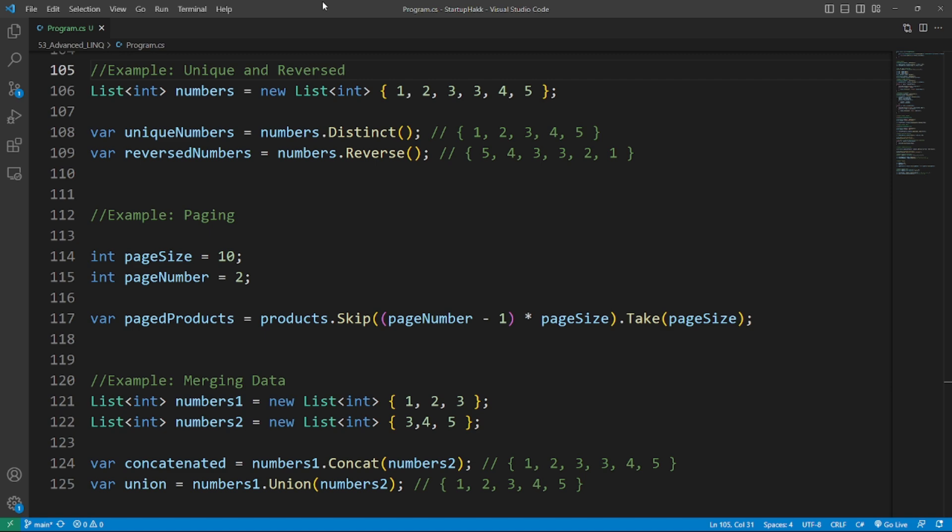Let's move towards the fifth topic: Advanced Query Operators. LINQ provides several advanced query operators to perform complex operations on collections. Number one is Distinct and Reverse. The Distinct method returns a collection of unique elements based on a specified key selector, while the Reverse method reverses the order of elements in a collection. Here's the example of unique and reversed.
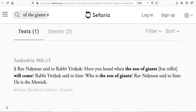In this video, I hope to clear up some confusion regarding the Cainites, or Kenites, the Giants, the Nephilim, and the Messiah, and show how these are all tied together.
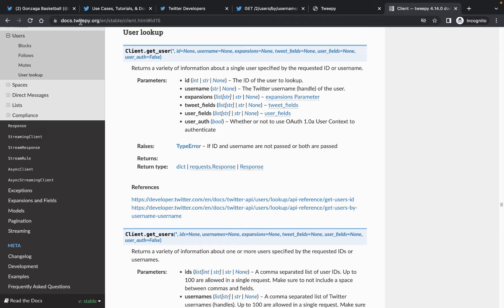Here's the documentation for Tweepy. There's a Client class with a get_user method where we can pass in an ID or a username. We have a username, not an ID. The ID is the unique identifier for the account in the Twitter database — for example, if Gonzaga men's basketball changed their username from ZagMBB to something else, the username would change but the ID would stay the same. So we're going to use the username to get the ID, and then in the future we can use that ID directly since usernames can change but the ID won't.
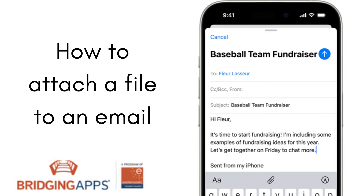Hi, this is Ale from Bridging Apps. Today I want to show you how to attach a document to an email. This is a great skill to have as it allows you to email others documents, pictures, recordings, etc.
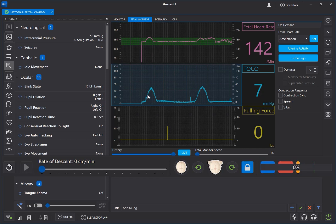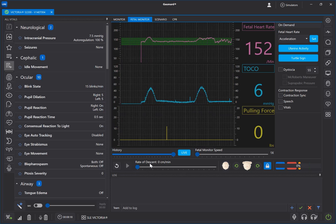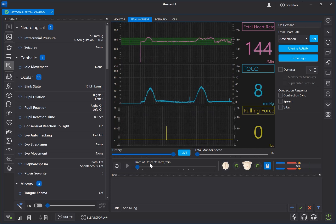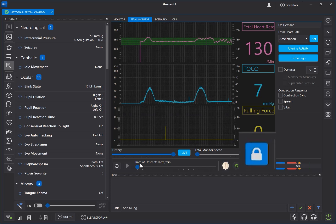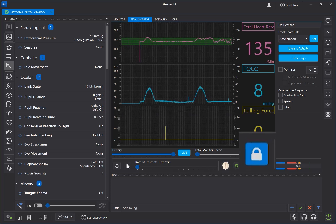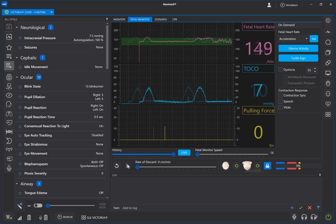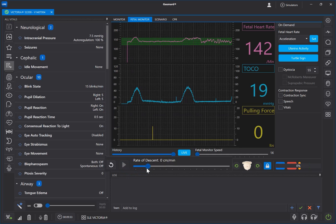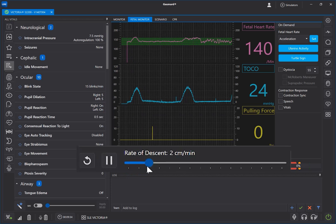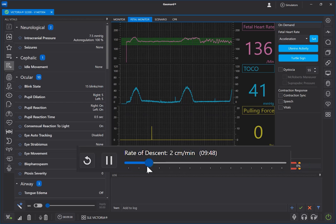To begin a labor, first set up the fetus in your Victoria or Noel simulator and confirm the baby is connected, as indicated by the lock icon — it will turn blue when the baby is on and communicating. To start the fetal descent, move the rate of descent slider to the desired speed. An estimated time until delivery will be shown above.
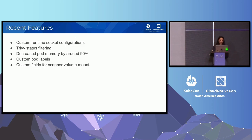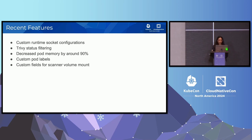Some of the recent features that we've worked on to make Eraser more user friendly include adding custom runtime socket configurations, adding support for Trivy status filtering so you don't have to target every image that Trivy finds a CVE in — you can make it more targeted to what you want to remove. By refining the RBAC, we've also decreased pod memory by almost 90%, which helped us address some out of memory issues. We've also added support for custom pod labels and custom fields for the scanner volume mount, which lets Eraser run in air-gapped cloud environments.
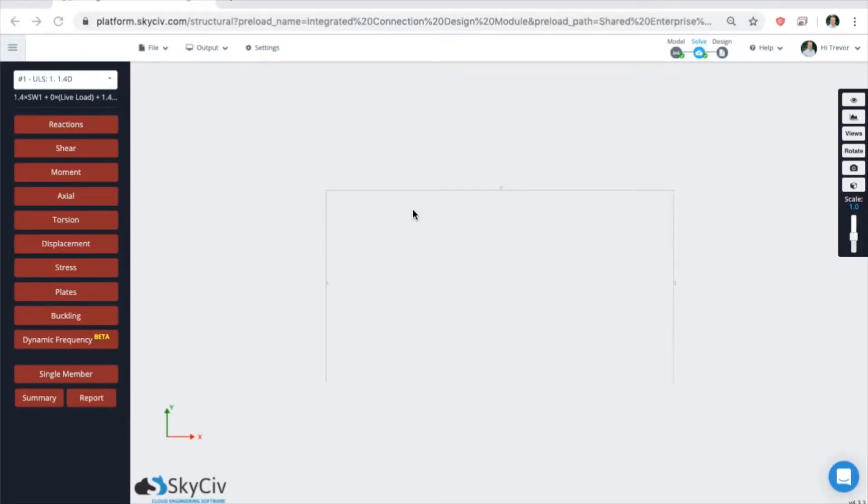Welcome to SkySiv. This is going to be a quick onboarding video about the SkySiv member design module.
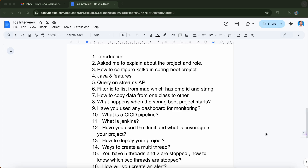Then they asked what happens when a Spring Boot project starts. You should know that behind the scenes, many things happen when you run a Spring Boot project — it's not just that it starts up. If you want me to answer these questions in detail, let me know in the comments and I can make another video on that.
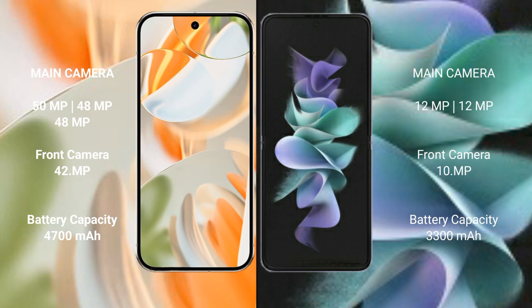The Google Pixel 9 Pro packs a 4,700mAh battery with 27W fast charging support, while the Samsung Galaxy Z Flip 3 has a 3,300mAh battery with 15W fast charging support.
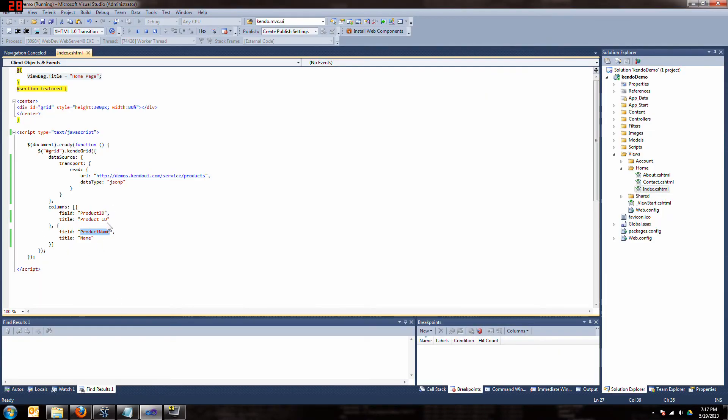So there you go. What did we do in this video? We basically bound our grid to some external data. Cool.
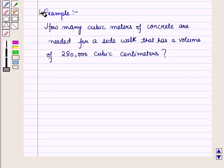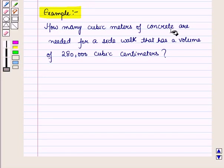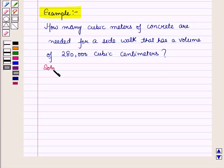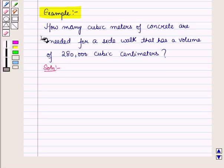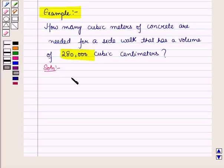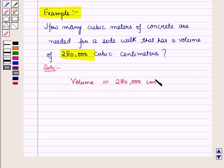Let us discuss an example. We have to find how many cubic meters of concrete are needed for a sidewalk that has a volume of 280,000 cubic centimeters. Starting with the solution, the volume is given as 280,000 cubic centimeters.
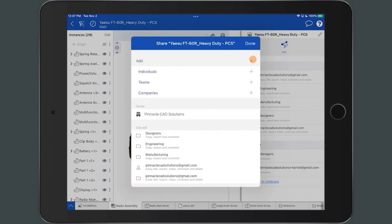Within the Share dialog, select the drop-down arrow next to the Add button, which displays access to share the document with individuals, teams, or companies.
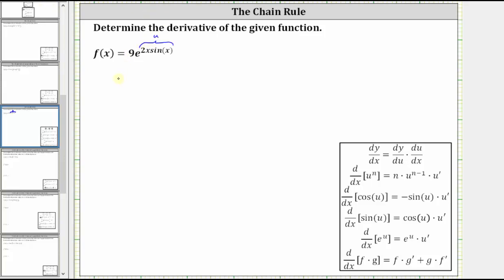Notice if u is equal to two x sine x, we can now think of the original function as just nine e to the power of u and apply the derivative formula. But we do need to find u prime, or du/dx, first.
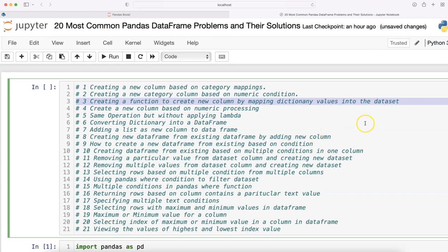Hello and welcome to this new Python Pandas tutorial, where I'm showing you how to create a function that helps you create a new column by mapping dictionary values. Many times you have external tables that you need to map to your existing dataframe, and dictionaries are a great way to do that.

^^^^^^^^

*WORK REQUEST*
Include the first line of the records, the line containing "To begin a labor, first", and every line between them, repeated exactly. Skip the pictures.

*RESPONSE BOX*
Let's move towards the fifth topic: Advanced Query Operators. LINQ provides several advanced query operators to perform complex operations on collections. Number one is Distinct and Reverse. The Distinct method returns a collection of unique elements based on a specified key selector, while the Reverse method reverses the order of elements in a collection. Here's the example of unique and reversed.
In this video, I hope to clear up some confusion regarding the Cainites, or Kenites, the Giants, the Nephilim, and the Messiah, and show how these are all tied together.
Here's the documentation for Tweepy. There's a Client class with a get_user method where we can pass in an ID or a username. We have a username, not an ID. The ID is the unique identifier for the account in the Twitter database — for example, if Gonzaga men's basketball changed their username from ZagMBB to something else, the username would change but the ID would stay the same. So we're going to use the username to get the ID, and then in the future we can use that ID directly since usernames can change but the ID won't.
Hi, this is Ale from Bridging Apps. Today I want to show you how to attach a document to an email. This is a great skill to have as it allows you to email others documents, pictures, recordings, etc.
To begin a labor, first set up the fetus in your Victoria or Noel simulator and confirm the baby is connected, as indicated by the lock icon — it will turn blue when the baby is on and communicating. To start the fetal descent, move the rate of descent slider to the desired speed. An estimated time until delivery will be shown above.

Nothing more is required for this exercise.